Get ready for new inflation numbers. The release of the Consumer Price Index has become one of the key dates on each month's economic calendar, the source of new evidence showing how severe the inflation problem is, and how far the Federal Reserve might have to go to quash it.
Driving the news: This month's number — due out at 8:30am ET on Friday and expected to show 0.8% overall inflation in May — comes amid an important debate over how to compare today's numbers to the past.
Why it matters: The Fed is trying to engineer a pullback in inflation akin to what Paul Volcker managed in the early 1980s — but without a Volcker-esque deep recession. New research suggests that may be harder than it sounds.
State of play: A new working paper out this week from Marijn A. Bolhuis, Judd N. L. Cramer, and Lawrence H. Summers (yes, that Larry Summers) presents evidence that if measured the way it was in the 1970s, CPI is rising faster today than the headline 8.3% over the last year would suggest.

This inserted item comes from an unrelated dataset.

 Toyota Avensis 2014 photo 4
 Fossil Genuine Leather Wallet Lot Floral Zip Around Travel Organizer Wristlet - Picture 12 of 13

- That implies the Fed has a harder job ahead of it in trying to bring that number down to something close to 2% and increases the odds it will take a recession to do the trick.
The details: The working paper notes that until 1983, CPI included housing costs by looking at the cost of buying a home with a mortgage. Now, housing costs are included by looking at the equivalent a homeowner would have to pay to rent their own home.
The result: In the 1970s and early 1980s, skyrocketing interest rates made reported inflation look higher because higher mortgage rates increased the cost of buying a house.
- By the authors' calculations, if you adjust the late 1970s/early 1980s inflation numbers using current methodology, inflation then was more closely on par with today, not much higher.
By the numbers: Again using current methodology, CPI peaked at 9.1% in that era, the authors find, not the 13.6% official number reported for the 12 months ending in June 1980.
Yes, but: There are important differences between then and now. The inflation of the early 1980s built for 15 years or so and featured a clear upward spiral of wages and prices. That isn't in evidence now.
- Moreover, CPI is an inflation measure that the Fed pays lots of attention to but isn't what it targets. The personal consumption expenditures price index, which handles housing prices differently, is what the Fed focuses on more intently.
The bottom line: A hot inflation print tomorrow morning would be bad news, but maybe not as worrying as the new research implies.